1. Pretrained Diffusion Models and Inversion Schemes

Zero-shot video deraining methods are built atop large-scale diffusion models trained either on images or videos. Two key paradigms have emerged: one adapts pretrained image diffusion models by introducing cross-frame mechanisms, while the other employs video diffusion models directly and manipulates their conditional generation process.

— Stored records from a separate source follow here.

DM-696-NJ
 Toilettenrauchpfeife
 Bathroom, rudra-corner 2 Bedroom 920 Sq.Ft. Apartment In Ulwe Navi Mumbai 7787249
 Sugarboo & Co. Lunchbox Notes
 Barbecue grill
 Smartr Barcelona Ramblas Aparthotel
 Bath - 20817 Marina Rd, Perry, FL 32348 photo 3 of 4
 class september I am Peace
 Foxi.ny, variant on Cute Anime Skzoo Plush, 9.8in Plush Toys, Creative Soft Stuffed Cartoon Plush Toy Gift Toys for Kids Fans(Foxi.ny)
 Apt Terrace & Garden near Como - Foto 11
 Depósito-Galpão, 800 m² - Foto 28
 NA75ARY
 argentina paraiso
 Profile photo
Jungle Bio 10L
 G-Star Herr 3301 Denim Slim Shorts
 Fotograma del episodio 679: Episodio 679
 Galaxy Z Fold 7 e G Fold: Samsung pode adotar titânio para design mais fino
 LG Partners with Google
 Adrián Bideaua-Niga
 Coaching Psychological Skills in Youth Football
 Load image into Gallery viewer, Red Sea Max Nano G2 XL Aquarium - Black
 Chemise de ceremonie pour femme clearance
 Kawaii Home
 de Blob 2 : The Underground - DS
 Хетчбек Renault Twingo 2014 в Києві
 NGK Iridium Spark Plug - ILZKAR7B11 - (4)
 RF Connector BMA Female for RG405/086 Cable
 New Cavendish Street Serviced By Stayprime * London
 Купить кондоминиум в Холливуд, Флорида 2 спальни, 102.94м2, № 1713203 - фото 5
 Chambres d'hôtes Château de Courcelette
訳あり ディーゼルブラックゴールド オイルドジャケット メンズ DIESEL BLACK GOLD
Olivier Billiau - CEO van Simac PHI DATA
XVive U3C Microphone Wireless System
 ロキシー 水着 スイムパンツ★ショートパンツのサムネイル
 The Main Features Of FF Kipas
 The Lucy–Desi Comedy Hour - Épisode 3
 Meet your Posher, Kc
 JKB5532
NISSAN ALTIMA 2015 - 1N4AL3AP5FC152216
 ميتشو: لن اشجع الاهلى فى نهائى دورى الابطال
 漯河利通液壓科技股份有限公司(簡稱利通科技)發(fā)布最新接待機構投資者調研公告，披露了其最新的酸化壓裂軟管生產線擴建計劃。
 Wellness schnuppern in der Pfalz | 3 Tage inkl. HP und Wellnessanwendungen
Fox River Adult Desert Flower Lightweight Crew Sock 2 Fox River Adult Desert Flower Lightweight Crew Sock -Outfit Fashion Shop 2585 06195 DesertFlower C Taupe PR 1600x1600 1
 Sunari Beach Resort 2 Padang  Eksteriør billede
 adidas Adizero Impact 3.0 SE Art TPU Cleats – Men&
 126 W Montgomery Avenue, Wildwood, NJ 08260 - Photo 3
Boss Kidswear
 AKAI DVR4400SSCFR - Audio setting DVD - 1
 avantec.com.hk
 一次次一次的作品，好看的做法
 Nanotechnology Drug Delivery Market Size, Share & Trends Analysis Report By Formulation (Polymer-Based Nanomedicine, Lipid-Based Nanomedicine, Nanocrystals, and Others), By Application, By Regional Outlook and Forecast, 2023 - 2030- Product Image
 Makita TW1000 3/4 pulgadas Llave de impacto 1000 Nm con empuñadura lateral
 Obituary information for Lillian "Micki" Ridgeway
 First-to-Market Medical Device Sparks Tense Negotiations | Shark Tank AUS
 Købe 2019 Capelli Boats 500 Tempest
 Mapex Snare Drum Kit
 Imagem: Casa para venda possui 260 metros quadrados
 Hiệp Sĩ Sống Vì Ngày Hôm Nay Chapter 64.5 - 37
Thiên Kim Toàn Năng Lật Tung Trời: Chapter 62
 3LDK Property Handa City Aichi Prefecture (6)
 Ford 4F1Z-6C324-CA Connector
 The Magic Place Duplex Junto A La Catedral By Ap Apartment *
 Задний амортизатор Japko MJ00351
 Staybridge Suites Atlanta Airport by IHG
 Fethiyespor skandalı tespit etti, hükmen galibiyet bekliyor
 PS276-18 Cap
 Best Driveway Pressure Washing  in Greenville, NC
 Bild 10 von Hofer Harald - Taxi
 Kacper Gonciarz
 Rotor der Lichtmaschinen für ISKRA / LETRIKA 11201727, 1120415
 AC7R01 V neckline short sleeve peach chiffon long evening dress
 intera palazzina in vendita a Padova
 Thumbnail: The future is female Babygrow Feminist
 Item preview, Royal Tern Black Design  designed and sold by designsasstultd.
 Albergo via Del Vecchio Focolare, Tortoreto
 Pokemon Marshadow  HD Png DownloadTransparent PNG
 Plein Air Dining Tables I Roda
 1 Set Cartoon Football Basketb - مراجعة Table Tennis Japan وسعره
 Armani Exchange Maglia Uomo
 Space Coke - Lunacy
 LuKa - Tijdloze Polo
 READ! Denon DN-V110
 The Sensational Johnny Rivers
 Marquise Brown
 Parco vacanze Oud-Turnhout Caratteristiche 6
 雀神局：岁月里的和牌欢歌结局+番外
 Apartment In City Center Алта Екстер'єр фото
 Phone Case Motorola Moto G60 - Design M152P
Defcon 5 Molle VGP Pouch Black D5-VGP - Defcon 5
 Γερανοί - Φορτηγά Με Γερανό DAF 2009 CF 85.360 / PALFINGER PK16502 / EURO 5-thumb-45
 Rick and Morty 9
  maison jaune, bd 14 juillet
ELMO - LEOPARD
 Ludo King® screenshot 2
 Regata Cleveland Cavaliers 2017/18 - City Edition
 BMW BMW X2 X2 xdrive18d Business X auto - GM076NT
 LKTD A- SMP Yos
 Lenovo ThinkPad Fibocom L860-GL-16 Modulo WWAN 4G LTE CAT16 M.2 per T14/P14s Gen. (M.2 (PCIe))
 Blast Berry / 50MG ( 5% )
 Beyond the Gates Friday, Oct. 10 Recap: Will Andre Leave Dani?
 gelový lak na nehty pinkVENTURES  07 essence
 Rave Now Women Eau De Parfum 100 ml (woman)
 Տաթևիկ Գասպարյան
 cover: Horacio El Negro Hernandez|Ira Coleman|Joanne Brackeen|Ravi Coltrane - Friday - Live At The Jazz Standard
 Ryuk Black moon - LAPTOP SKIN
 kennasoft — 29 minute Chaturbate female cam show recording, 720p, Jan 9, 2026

For direct video-diffusion-based approaches, the input video $x_0$ is first inverted into the latent space of the diffusion backbone—for example, CogVideoX. The inversion must guarantee editability while retaining high-fidelity reconstruction of the original content. Among various inversion techniques, DDPM inversion (following the algorithm of Huberman-Spiegelglas et al. [HP24]) yields superior structural fidelity and supports subsequent conditional interventions. The forward process is described by

$\bar\alpha_t = \prod_{s=1}^t \alpha_s, \quad x_t = \sqrt{\bar\alpha_t}\,x_0 + \sqrt{1-\bar\alpha_t}\,\tilde\epsilon_t, \quad \tilde\epsilon_t\sim\mathcal N(0,I),$

while the reverse, edit-friendly inversion iteratively recovers $x_{t-1}$ from $x_t$ and stored model-predicted noise estimates under particular conditions (Varanka et al., 23 Nov 2025).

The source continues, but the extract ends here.